Rexburg Realty, Inc. v. Compton

616 P.2d 245, 101 Idaho 466, 1980 Ida. LEXIS 493
CourtIdaho Supreme Court
DecidedAugust 12, 1980
DocketNo. 13085
StatusPublished
Cited by3 cases

This text of 616 P.2d 245 (Rexburg Realty, Inc. v. Compton) is published on Counsel Stack Legal Research, covering Idaho Supreme Court primary law. Counsel Stack provides free access to over 12 million legal documents including statutes, case law, regulations, and constitutions.

Bluebook
Rexburg Realty, Inc. v. Compton, 616 P.2d 245, 101 Idaho 466, 1980 Ida. LEXIS 493 (Idaho 1980).

Opinions

BAKES, Justice.

Defendant appellants Dean and Carol Compton, husband and wife, appeal from a district court judgment awarding a real estate broker commission to plaintiff respondent Rexburg Realty, Inc. We affirm.

The Comptons owned approximately 2,000 acres of farmland in Cassia County and were also tenants in common with Mr. Compton’s mother, Rita Bateman, in approximately 2,000 acres which adjoined the Compton land. These two parcels, totaling 3,947 acres, were farmed by the Comptons as a single unit.

In 1973 the Comptons discussed with neighbors the idea of selling both parcels of land.
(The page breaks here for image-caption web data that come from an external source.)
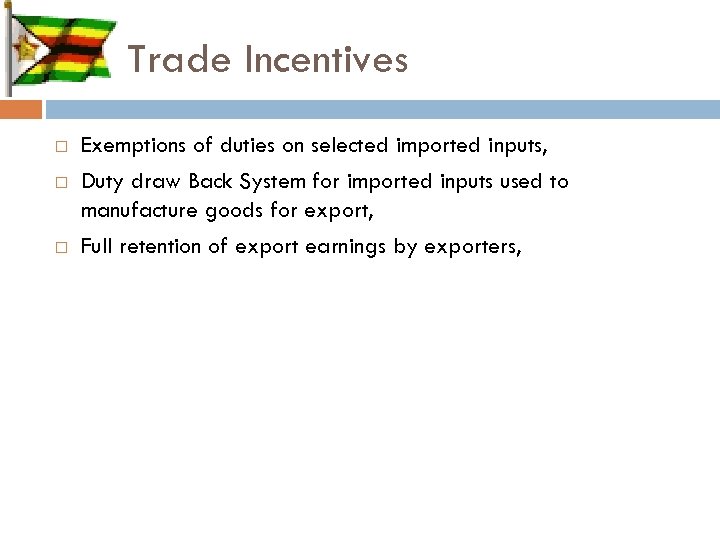 Trade Incentives Exemptions of duties on selected imported inputs, Duty draw Back System for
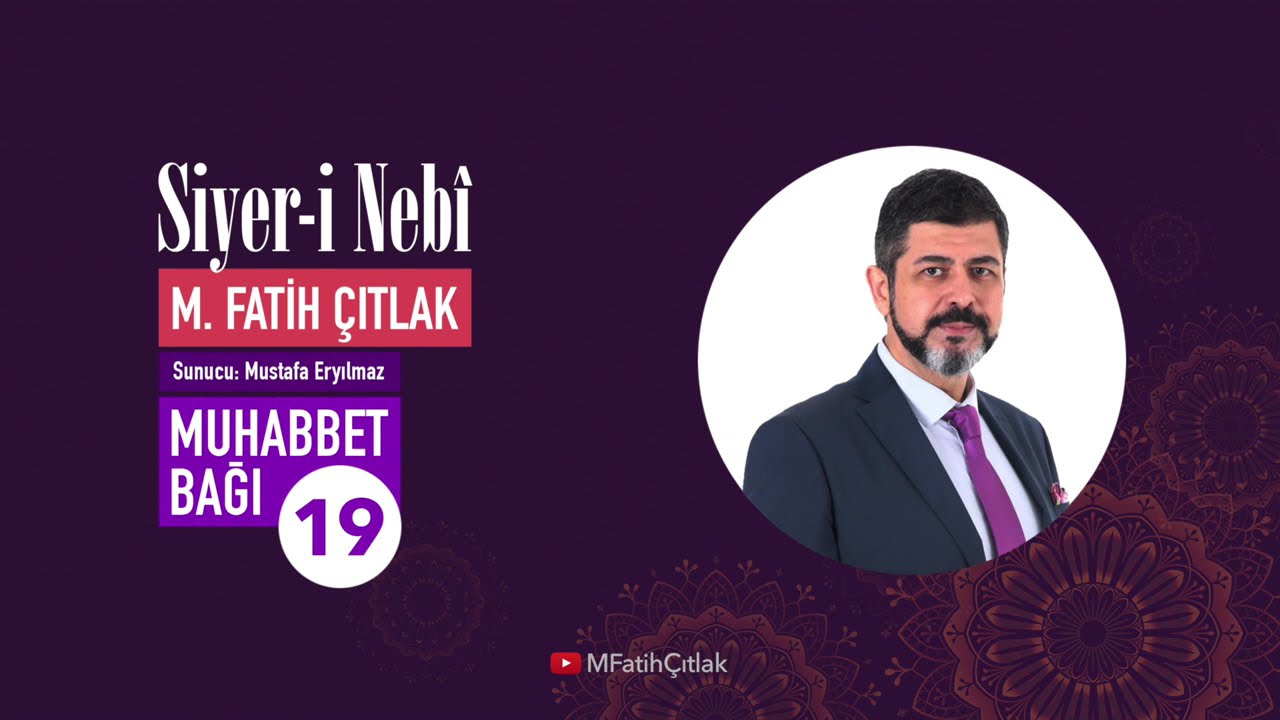 Muhabbet Bağı-Bölüm 19-Siyer-i Nebi(Peygamber Efendimiz'in SAS Hayatı) #fatihcitlak #siyer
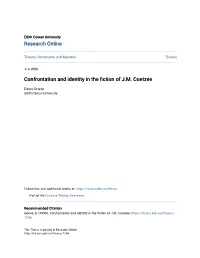Confrontation and Identity in the Fiction of J.M. Coetzee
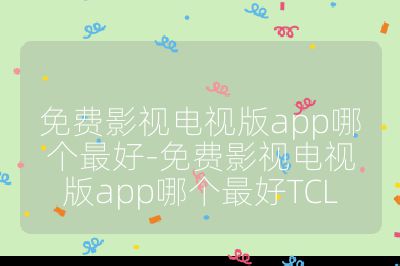 免费影视电视版app哪个最好-免费影视电视版app哪个最好TCL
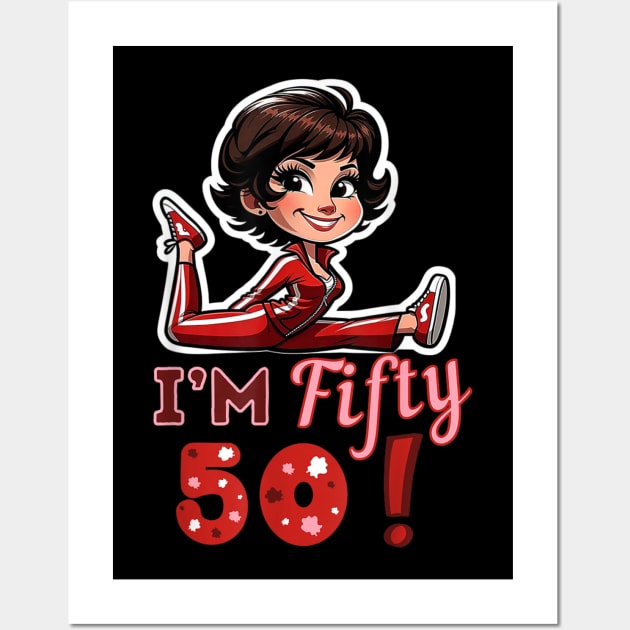 I’m fifty 50 Sally O’Malley Kick Splits Lady Birthday Wall Art by HBart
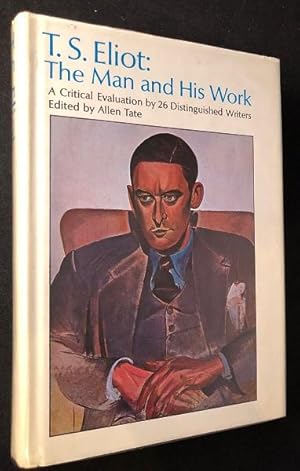 Seller image for T.S. Eliot: The Man and His Work: A Critical Evaluation by 26 Distinguished Writers; SIGNED BY ALLEN TATE for sale by Back in Time Rare Books, ABAA, FABA
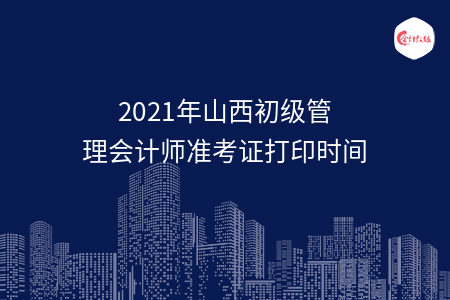 2021年山西初级管理会计师准考证打印时间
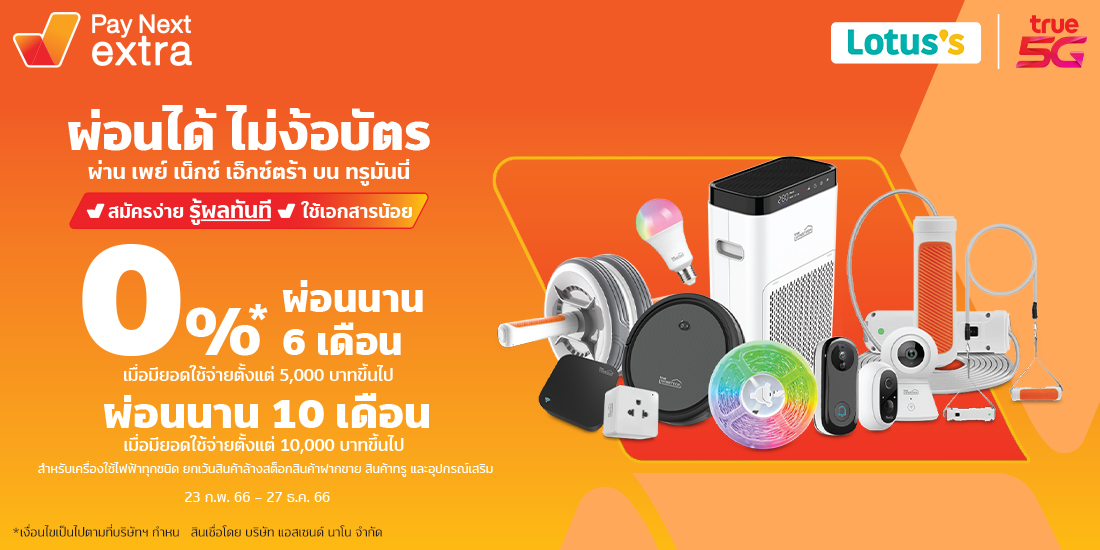 Lotus's0% ผ่อนนาน 10 เดือน เฉพาะเครื่องใช้ไฟฟ้าทุกชนิด ที่ทรูช้อปในโลตัสเท่านั้น23 ก.พ. 66 - 27 ธ.ค. 66 เพย์ เน็กซ์ เอ็กซ์ตร้า ผ่อนของที่ Lotus's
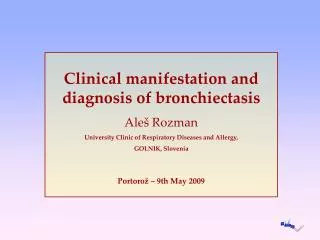 Clinical manifestation and diagnosis of bronchiectasis Aleš Rozman University Clinic of Respiratory Diseases and Allergy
Hearing of the Comptons’ interest in selling their land, an agent for plaintiff respondent Rexburg Realty, Inc., contacted the Comptons, and the Comptons subsequently entered a written real estate broker’s employment contract authorizing Rex-burg Realty to attempt to find a buyer for the entire 3,947 acres. The agreement specified that the Comptons would accept $555,-740 for the property, with a 29% down payment. Both Mr. and Mrs. Compton signed the standard form real estate commission contract, agreeing to pay Rexburg Realty, Inc., 5% of the agreed sale price if it obtained a buyer ready, willing and able to purchase the property on the sellers’ terms. Mrs. Bateman, however, did not sign the commission agreement. The real estate agent was aware that Mrs. Bateman had an [467]*467interest in part of the property and, in fact, had examined the record title to the property in order to obtain a legal description of the entire farm prior to execution of the contract by the Comptons. Dallin Reese, agent for Rexburg Realty, Inc., testified at trial that Compton had assured him that Mrs. Bateman wanted her interest in the land soid, that she usually followed her son Dean Compton’s advice in such matters, and that Compton believed there would be no problem in obtaining her signature to close a sale on the terms in the broker’s agreement. Defendant Dean Compton’s testimony generally concurred with Reese’s testimony.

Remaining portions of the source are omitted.